▶ [Exercise directions] Take the records below and extract, word for word, the lines from the one containing "Sombr's debuutalbum 'I" through the final line, inclusive. Omit pictures.

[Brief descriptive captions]
-- Opening Marker --

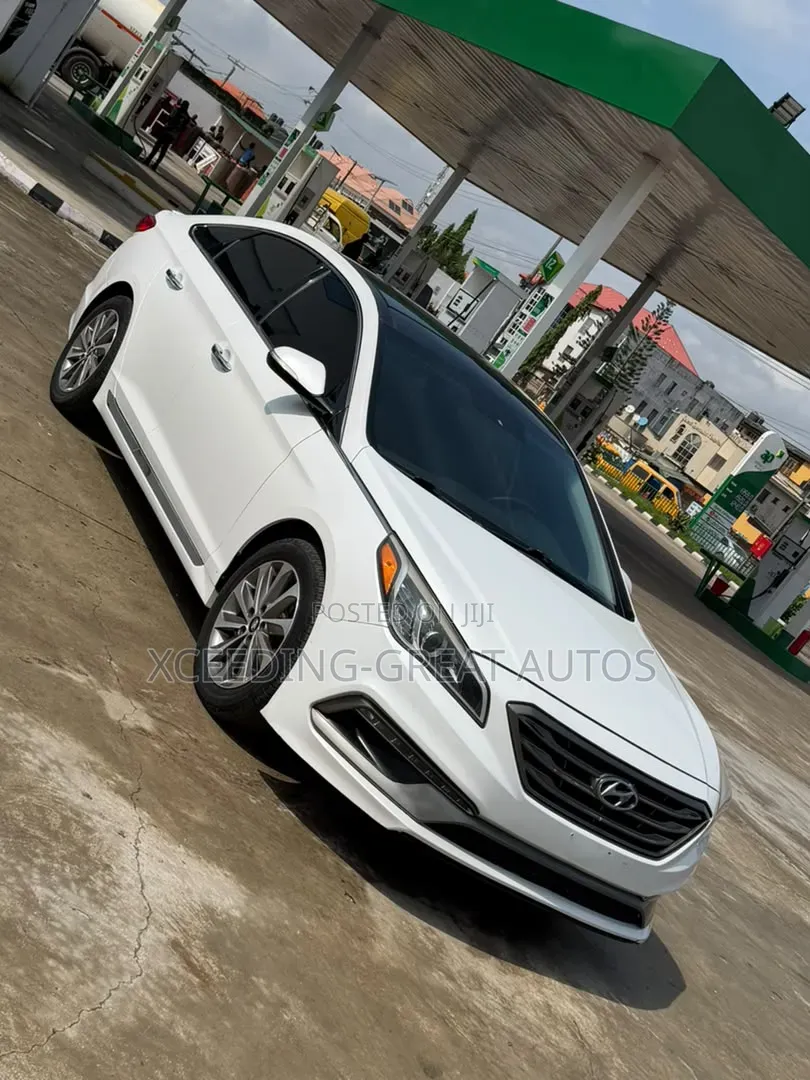 Hyundai Sonata Sport 2.0T 4dr Sedan (2.0L 4cyl Turbo 6A) 2015 White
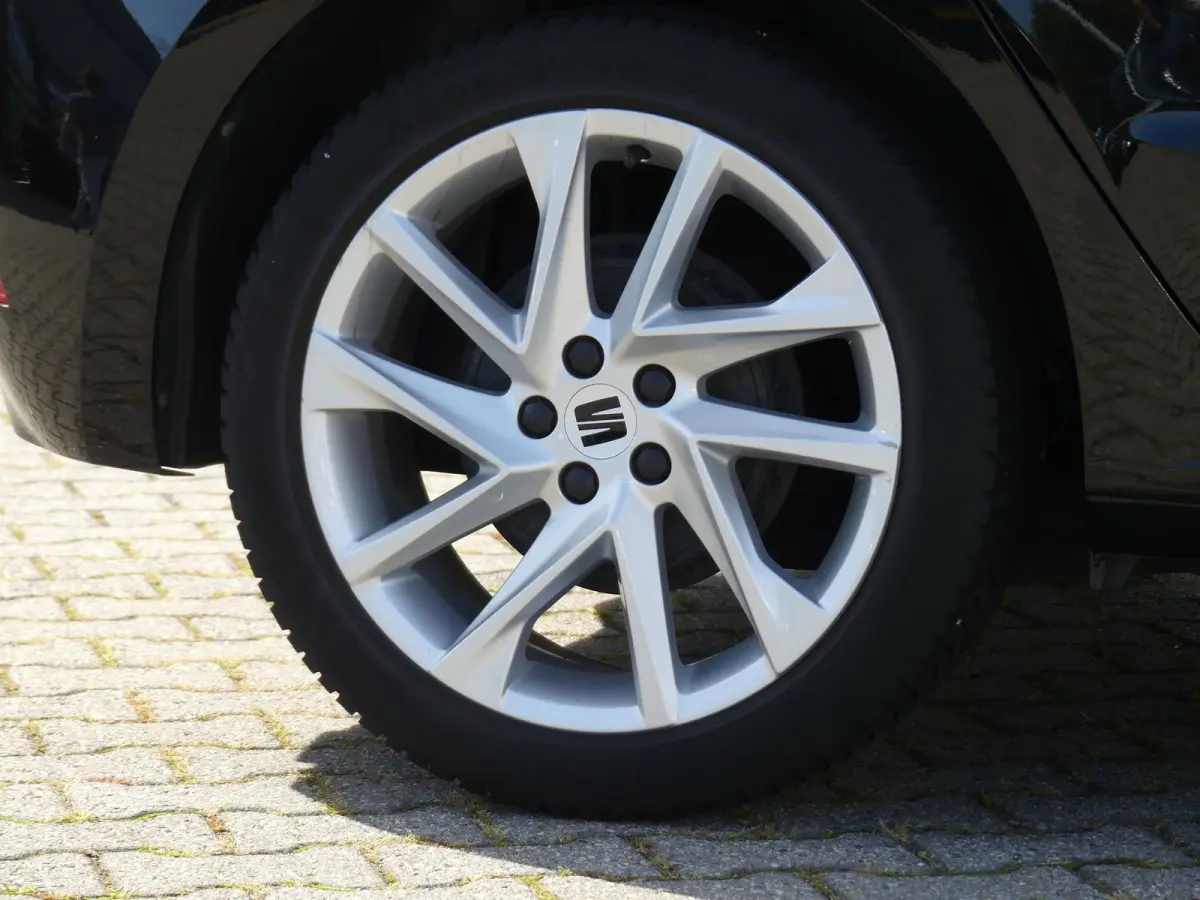 1.0 EcoTSI FR Business Intense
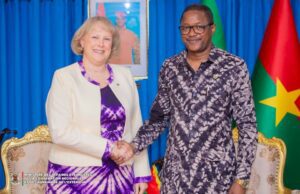 Partenariat gagnant-gagnant: le chef de la diplomatie burkinabè et l’ambassadeur des Etats-Unis se concertent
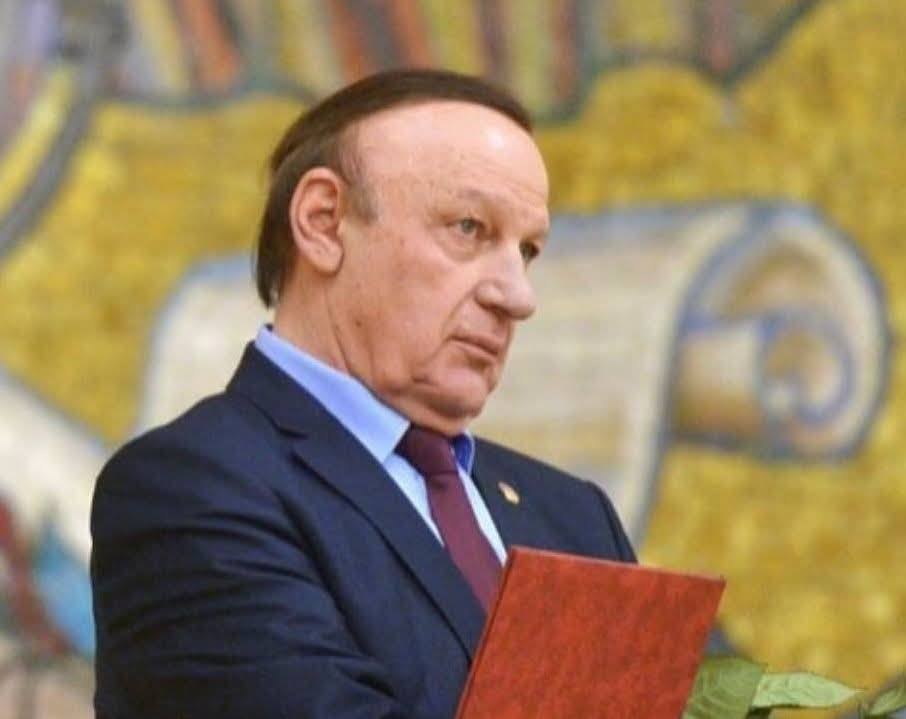 Премьер министр Владимир Делба поздравил ректора Абхазского государственного университета доктора физико математических наук академика АНА АМАН и РАЕН Алеко Гварамия с юбилеем Уважаемый Алеко Алексеевич примите сердечные поздравления с юбилеем Выдающийся учёный опытный педагог и наставник пользующийся высоким авторитетом в обществе Вы посвятили всю свою жизнь сохранению и приумножению лучших традиций просвещения укреплению роли Абхазского государственного университета как колыбели национальных кадров В трудный период испытаний для нашего народа и страны Вы проявили себя истинным патриотом беззаветно служа интересам народа и Абхазского государства Сегодня под Вашим руководством образовательный процесс в университете построен на высоком уровне с учётом современных стандартов Многие поколения выпускников АГУ вносят значительный вклад в развитие Республики Абхазия трудятся на государственной службе в различных отраслях экономики в науке образовании в области культуры применяя полученные знания на благо общества и страны Принятие АГУ в Евразийскую ассоциацию университетов и другие сообщества высшего образования способствовало установлению прочных связей с ведущими вузами России и других стран Желаю Вам уважаемый Алеко Алексеевич крепкого здоровья благополучия и успехов во всех начинаниях Апсныпресс Instagram Facebook Дзен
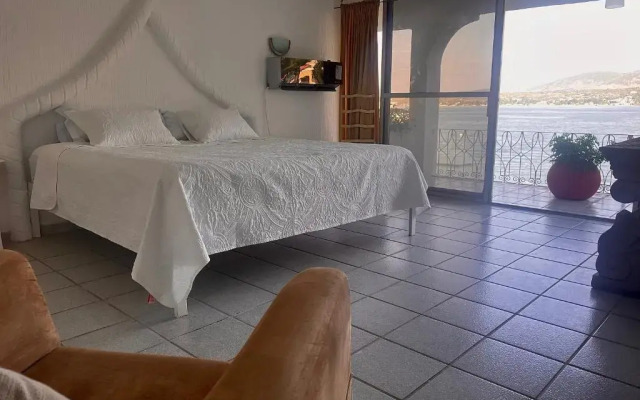 Marina Palace Teques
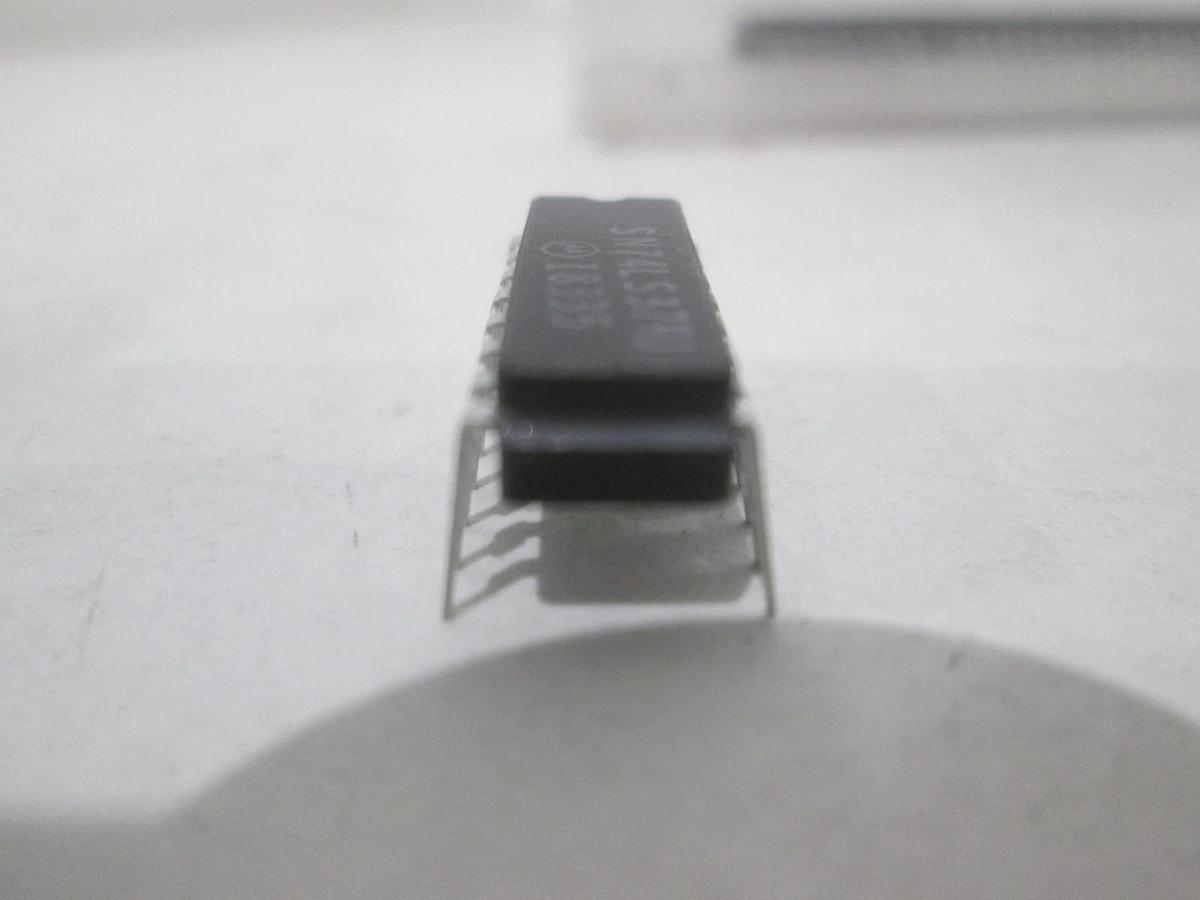 Motorola, SN74LS379J, Integrated Circuit, New, Lot of 25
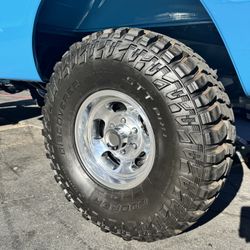 15x9” US Mag Wheels with 35” Cooper Tires
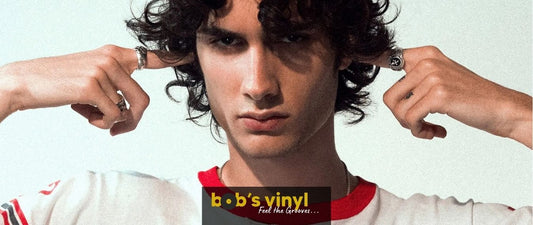 Sombr's debuutalbum 'I Barely Know Her' op 7 november op vinyl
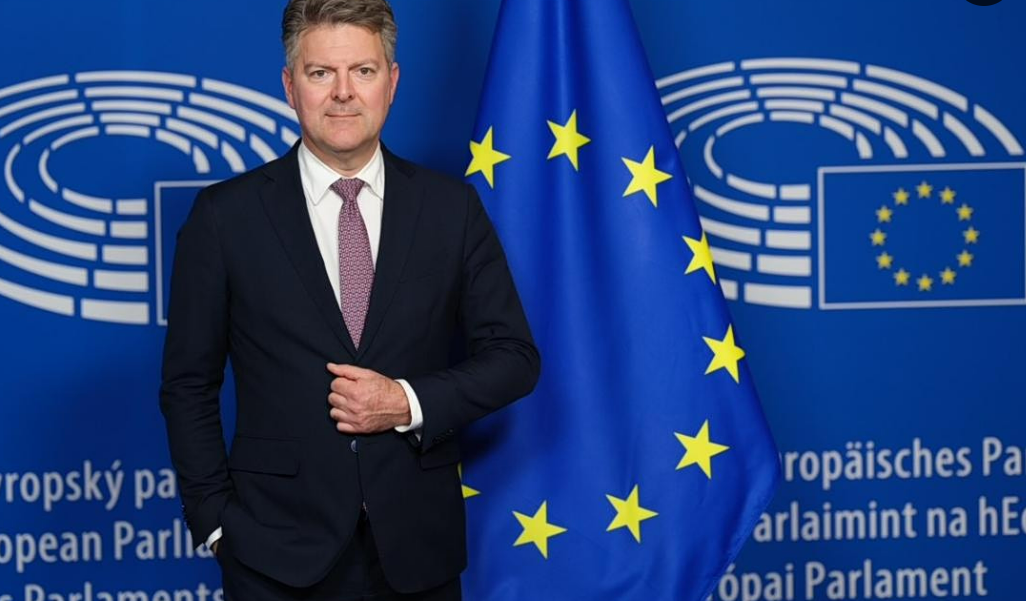 ΟΠΕΚΕΠΕ: ΔΙΑΣΤΑΣΕΙΣ ΠΑΙΡΝΕΙ ΤΟ ΣΚΑΝΔΑΛΟ – ΣΤΗΝ ΑΘΗΝΑ Η ΕΠΙΤΡΟΠΗ ΕΛΕΓΧΟΥ ΤΟΥ ΠΡΟΫΠΟΛΟΓΙΣΜΟΥ ΤΗΣ ΕΕ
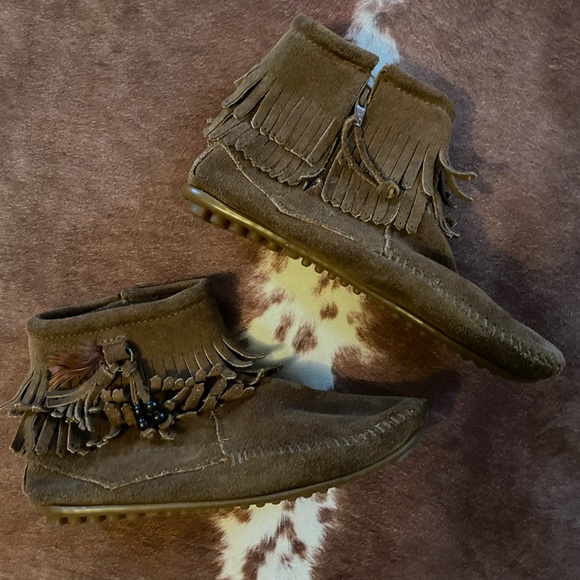 Minnetonka Shoes - Minnetonka Moccasin Booties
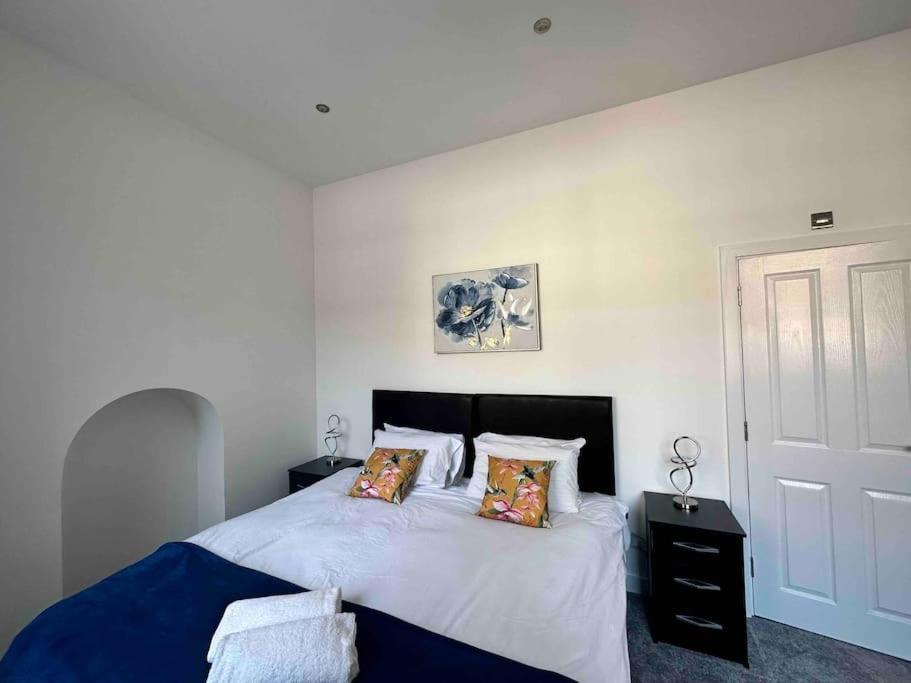 Spacious And Elegant Apartment Birmingham Exterior foto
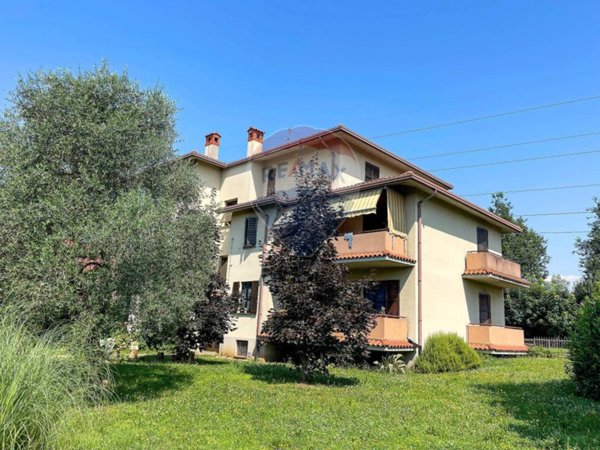 appartamento in vendita a Brembate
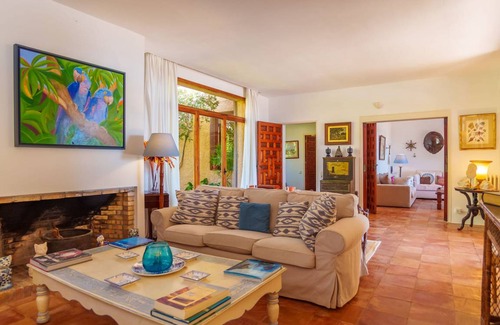 Costa de los Pinos Villa | 360 m² Villa ∙ 5 bedrooms ∙ 10 guests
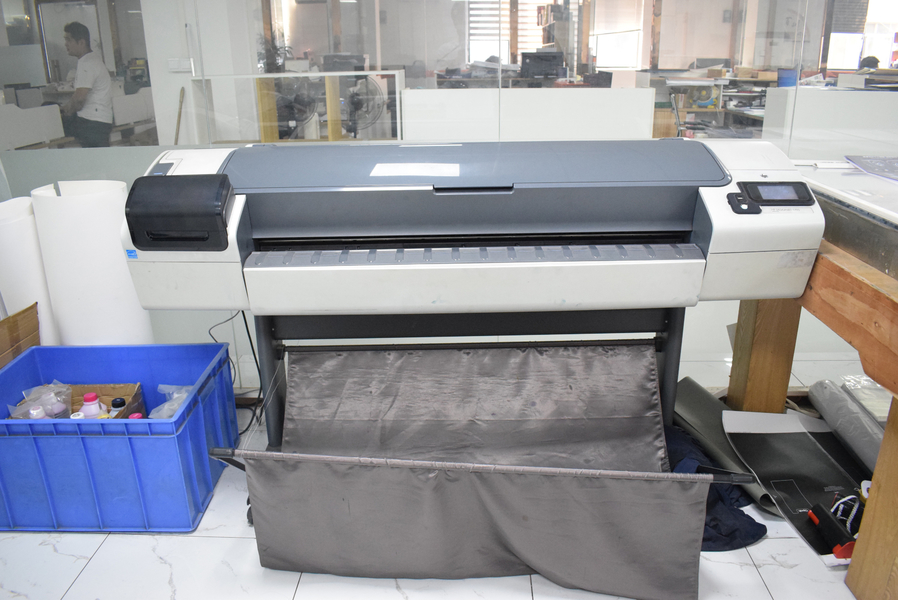 GUANGZHOU YM PACKAGE PRODUCTS CO.,LTD. linea di produzione del fabbricante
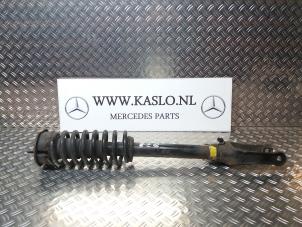Used Front shock absorber, right Mercedes ML II (164/4JG) 3.0 ML-280 CDI 4-Matic V6 24V Price on request offered by kaslo auto parts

-- Closing Marker --

▶ [Response area]
 Sombr's debuutalbum 'I Barely Know Her' op 7 november op vinyl
 ΟΠΕΚΕΠΕ: ΔΙΑΣΤΑΣΕΙΣ ΠΑΙΡΝΕΙ ΤΟ ΣΚΑΝΔΑΛΟ – ΣΤΗΝ ΑΘΗΝΑ Η ΕΠΙΤΡΟΠΗ ΕΛΕΓΧΟΥ ΤΟΥ ΠΡΟΫΠΟΛΟΓΙΣΜΟΥ ΤΗΣ ΕΕ
 Minnetonka Shoes - Minnetonka Moccasin Booties
 Spacious And Elegant Apartment Birmingham Exterior foto
 appartamento in vendita a Brembate
 Costa de los Pinos Villa | 360 m² Villa ∙ 5 bedrooms ∙ 10 guests
 GUANGZHOU YM PACKAGE PRODUCTS CO.,LTD. linea di produzione del fabbricante
Used Front shock absorber, right Mercedes ML II (164/4JG) 3.0 ML-280 CDI 4-Matic V6 24V Price on request offered by kaslo auto parts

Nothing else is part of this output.